A blatantly simple Rust crate that creates binary signature efficiently, which can be stored on stack or as const item (So can store the pattern without making it on heap!).

It also generate scanner function using either best-effort algorithm chosen from naive linear scanning, or using runtime SIMD selection as backend if feature is available, which also includes a scalar fallback (Thanks you portable SIMD <3).

The generated function is internalized, meaning the signature itself would embed directly as part of the opcode without much preprocessing.

This should directly kill many Find Pattern benchmark while maintaining a decent performance.

How it works?

By stuffing the mask into a bit array with precise byte storage, with each mask encoded directly at the bit level. This can be considered a bit hack, given that we hard coded the condition for:

0 => Optional/don't care => Result = 1
1 => Match => Pattern data at current position should equal current data at current position

Thus, for that we want to compute the following:

pat:    [1, 2, 3, 4]
data:   [1, 1, 3, 3]
mask:   [1, 0, 1, 1] # 1 indicates equal, 0 indicates optional/don't care
result: [1, 1, 1, 0]

For example, given a pattern of "\x01\x02\x03x\04\x05\x06" and mask of "xx??x?", this means we transform the mask to 0b110010 (which can be done in Rust constant evaluation with compiler fuckery), aligned to the closest byte-boundary, which is (6+7)//8 = 1 byte (or use euclidean division towards positive infinity), then we just append it back to the pattern as-is, which makes it insanely more compact than typical byte string based pattern. Notice now endianess do matter here, so you need to either declare either LSB-0 (little endian) or MSB-0 (big endian) if you want to deliver it over the network boundary.

If you checked the pattern in IDA, you notice the bytes and comparison operations are perfectly reversed -- this is totally normal because you are most likely running in a little endian system known as x86, dumbass.

By appending the binary mask back to the pattern, we achieve a more compact representation. Instead of storing both the pattern and mask in full, this method reduces the storage requirement to just the pattern length plus the mask overhead. For a 16-byte pattern, the mask overhead would be only 2 bytes (16/8), significantly less than the typical 2N bytes where each byte of the pattern and mask is stored separately. This is much more efficient, although quite harder to make since there is a lot of brain damage required here to make this happen with const at the same time.

Given the transitional matrix above, so this is the first algorithm that comes to mind (in pseudocode):

for i in range(len(pat)):
  result[i] = mask[i] ? pat[i] == data[i] : 1
all(matches(x, true) for x in result)

And with a little bit of wit, we can turn this ternary into a binary logical operation:

for i in range(len(pat)):
  result[i] = !mask[i] || pat[i] == data[i]
all(matches(x, true) for x in result)

If you want to argue further:

for i in range(len(pat)):
  result[i] = mask[i] "IMPLIES" (pat[i] == data[i])
all(matches(x, true) for x in result)

Here, "IMPLIES" represents logical implication (A implies B is true unless A is true and B is false).
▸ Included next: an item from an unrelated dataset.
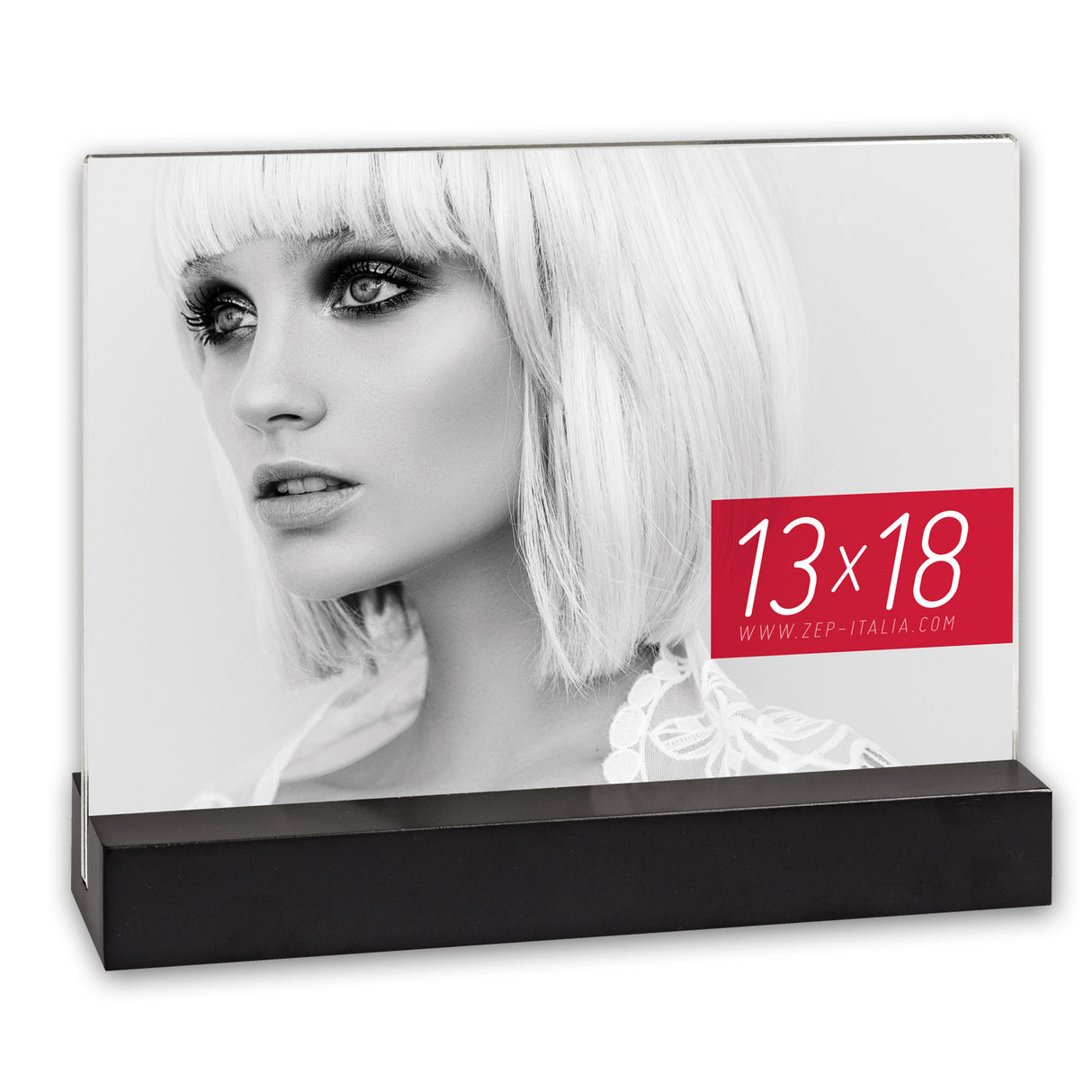 Zep – Acryl-Fotorahmen „Dresda“ für Fotos 10 x 15 mit Holzständer schwarz – aq746b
This logical operation simplifies the check but introduces complexity in implementation, but there is likely no way to encode IMPLIES in SIMD at the moment. Not that I'm aware enough to know if one exists in the wild.
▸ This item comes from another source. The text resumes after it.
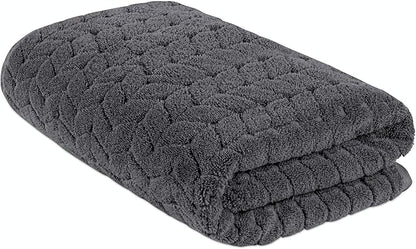 BAGNO MILANO Turkish Cotton Ultra-Soft Plush Absorbent Quick Dry Bathroom Towel Set, Made in Turkey (Gray, Bath Sheet)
VPTERNLOGD could be handy here, so I left the OG function available as well if you like to experiment with it. At the moment, it is generating the same code to the binary logical one, i.e. also automatically optimized. Until LLVM team fully juiced out their brain power and figured out how to encode VPTERNLOGD, take that as something you shouldn't use in general. (though why don't you just fetch it from the AVX512 mask register at this point?).

Nightly status

Currently, the Rust programming language feature known as generic_const_exprs plays a critical role, especially for scenarios involving precise byte storage. This feature allows for the use of generic const expressions, which are essential when you need to define types where the size in bytes must be exactly specified. However, this capability is still incomplete, leading to several limitations and challenges:

  1. Incompleteness of generic_const_exprs:

    • Current State: As of now, generic_const_exprs is an experimental feature in the Rust nightly builds. It enables developers to use expressions in generic parameters, which is vital for precise byte alignment in data structures.
    • Usage: Libraries that require strict byte alignment (for example, in low-level systems programming or when interfacing with hardware) depend on this feature. Without it, ensuring byte-level precision becomes problematic.
  2. Workarounds and Their Drawbacks:

    • Macro Usage: One workaround to achieve precise byte storage without generic_const_exprs involves using macros to generate the necessary code. Macros can create structures with predefined byte sizes, but this approach:
      • Adds complexity to the codebase.
      • Can make maintenance more difficult due to the expanded code.
    • Forcing Byte Alignment: Another approach is to pad or truncate data to fit into larger, aligned types like u32 or u64. For instance:
      • If you have a pattern that's 20 bytes long, it might need to be expanded to 32 bytes to align with u32.
      • A 48-byte pattern would typically be extended to 64 bytes to align with u64.
      • This method leads to increased memory usage and can affect performance due to unnecessary data padding.
  3. Current Compatibility:

    • Despite its incomplete status, libraries can still compile and run with the feature using cargo 1.84.0-nightly from October 25, 2024. This indicates a temporary robustness in the feature's implementation but does not address its long-term stability.
  4. Future Outlook:

    • Stagnation and Potential Bit Rot: The generic_const_exprs feature has seen little progress over the years, raising concerns about its maintenance and future compatibility. Without active development, there's a risk of "bit rot", where the code might become outdated or fail to integrate with new language features or standards.
    • Potential Alternatives: There is hope in the Rust community for solutions like min_generic_const_exprs or similar proposals. These could offer a more stable and safer approach to const generics:
      • Advantages: These alternatives might simplify the language syntax, improve compile times, and provide better safety guarantees by limiting the complexity of what can be done at compile-time.
      • Transition Plan: Should these features mature, there would likely be a shift towards them, phasing out generic_const_exprs in favor of more robust solutions.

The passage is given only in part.